**Data excerpts**
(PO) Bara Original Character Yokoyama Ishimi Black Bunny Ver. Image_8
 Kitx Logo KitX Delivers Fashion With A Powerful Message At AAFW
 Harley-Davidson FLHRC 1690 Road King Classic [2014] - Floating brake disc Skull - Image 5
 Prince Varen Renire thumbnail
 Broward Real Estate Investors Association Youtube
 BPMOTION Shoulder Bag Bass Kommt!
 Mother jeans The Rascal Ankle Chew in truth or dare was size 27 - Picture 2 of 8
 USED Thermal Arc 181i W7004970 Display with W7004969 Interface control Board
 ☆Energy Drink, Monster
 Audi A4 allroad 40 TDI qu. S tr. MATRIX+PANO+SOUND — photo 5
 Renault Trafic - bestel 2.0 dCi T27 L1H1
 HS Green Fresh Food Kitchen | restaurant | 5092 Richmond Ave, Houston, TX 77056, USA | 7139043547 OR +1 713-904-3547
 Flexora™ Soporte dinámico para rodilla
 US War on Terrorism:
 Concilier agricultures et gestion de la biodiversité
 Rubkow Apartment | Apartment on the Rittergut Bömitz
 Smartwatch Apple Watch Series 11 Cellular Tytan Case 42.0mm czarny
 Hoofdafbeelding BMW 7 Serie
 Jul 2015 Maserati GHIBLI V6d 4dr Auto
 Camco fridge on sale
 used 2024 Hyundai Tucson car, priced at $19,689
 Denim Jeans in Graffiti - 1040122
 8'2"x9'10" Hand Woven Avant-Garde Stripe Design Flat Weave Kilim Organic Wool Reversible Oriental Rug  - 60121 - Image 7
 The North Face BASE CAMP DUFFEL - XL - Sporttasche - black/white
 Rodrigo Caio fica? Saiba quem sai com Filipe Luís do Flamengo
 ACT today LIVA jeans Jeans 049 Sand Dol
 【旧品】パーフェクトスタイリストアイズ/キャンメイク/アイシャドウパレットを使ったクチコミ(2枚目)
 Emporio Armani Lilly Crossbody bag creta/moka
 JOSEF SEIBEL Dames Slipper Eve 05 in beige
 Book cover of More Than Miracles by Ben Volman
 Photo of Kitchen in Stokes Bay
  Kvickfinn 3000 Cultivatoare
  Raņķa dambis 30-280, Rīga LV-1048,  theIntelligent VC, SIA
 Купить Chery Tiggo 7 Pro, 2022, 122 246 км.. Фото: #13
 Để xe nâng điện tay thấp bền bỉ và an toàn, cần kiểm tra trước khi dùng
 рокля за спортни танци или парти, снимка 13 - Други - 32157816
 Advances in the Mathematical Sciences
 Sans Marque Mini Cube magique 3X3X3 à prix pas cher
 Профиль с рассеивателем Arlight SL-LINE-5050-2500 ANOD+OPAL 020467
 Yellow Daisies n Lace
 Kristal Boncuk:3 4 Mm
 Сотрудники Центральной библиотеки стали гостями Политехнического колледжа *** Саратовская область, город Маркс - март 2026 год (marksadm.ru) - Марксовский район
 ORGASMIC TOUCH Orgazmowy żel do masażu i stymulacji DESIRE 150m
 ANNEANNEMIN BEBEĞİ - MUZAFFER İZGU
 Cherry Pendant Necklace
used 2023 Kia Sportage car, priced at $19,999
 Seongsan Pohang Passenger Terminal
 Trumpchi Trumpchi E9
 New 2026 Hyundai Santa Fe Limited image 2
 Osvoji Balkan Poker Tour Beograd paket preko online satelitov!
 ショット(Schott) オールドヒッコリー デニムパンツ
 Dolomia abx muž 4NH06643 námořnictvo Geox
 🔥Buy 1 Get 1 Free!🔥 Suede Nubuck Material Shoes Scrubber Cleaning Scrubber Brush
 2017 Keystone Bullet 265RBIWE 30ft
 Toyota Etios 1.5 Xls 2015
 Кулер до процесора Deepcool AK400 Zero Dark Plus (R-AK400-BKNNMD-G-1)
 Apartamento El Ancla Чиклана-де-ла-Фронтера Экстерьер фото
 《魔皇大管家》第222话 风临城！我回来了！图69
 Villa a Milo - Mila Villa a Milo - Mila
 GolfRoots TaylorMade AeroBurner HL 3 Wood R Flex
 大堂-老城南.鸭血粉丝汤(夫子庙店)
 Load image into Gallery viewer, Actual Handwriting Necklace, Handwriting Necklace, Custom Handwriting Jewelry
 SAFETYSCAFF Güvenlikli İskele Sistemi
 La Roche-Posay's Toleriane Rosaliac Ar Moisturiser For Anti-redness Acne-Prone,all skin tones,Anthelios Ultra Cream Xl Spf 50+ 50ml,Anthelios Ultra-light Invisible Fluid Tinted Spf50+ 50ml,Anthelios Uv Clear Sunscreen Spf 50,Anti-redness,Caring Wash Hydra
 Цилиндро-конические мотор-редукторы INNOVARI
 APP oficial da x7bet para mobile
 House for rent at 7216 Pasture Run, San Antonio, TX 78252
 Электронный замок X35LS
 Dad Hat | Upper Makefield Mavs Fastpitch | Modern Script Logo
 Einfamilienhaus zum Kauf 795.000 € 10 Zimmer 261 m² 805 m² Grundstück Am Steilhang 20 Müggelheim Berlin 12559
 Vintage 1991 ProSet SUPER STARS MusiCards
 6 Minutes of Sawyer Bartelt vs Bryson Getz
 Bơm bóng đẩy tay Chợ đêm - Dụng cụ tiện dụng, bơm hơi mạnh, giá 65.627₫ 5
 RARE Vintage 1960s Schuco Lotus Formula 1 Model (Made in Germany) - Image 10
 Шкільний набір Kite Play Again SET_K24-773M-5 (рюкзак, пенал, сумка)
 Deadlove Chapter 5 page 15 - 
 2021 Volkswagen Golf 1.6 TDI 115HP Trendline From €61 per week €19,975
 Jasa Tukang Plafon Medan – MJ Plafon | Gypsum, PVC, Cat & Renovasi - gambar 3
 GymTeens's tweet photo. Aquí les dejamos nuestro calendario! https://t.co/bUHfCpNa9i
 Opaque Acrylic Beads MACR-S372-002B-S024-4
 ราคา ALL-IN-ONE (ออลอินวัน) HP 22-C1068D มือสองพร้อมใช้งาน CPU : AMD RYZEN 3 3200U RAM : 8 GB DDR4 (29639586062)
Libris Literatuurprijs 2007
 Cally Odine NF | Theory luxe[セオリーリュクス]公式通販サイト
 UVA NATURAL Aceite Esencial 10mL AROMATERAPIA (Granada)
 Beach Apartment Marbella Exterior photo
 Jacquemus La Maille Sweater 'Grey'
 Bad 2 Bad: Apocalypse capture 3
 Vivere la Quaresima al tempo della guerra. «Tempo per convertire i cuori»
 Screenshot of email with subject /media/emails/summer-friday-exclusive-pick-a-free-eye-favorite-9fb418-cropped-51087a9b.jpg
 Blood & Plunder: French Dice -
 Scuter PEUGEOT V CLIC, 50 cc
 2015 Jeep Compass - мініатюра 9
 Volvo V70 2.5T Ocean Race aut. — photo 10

**Task instructions**
Reproduce the records above exactly, from the first line through the line containing "HS Green Fresh", and output nothing else.

**Exercise output**
(PO) Bara Original Character Yokoyama Ishimi Black Bunny Ver. Image_8
 Kitx Logo KitX Delivers Fashion With A Powerful Message At AAFW
 Harley-Davidson FLHRC 1690 Road King Classic [2014] - Floating brake disc Skull - Image 5
 Prince Varen Renire thumbnail
 Broward Real Estate Investors Association Youtube
 BPMOTION Shoulder Bag Bass Kommt!
 Mother jeans The Rascal Ankle Chew in truth or dare was size 27 - Picture 2 of 8
 USED Thermal Arc 181i W7004970 Display with W7004969 Interface control Board
 ☆Energy Drink, Monster
 Audi A4 allroad 40 TDI qu. S tr. MATRIX+PANO+SOUND — photo 5
 Renault Trafic - bestel 2.0 dCi T27 L1H1
 HS Green Fresh Food Kitchen | restaurant | 5092 Richmond Ave, Houston, TX 77056, USA | 7139043547 OR +1 713-904-3547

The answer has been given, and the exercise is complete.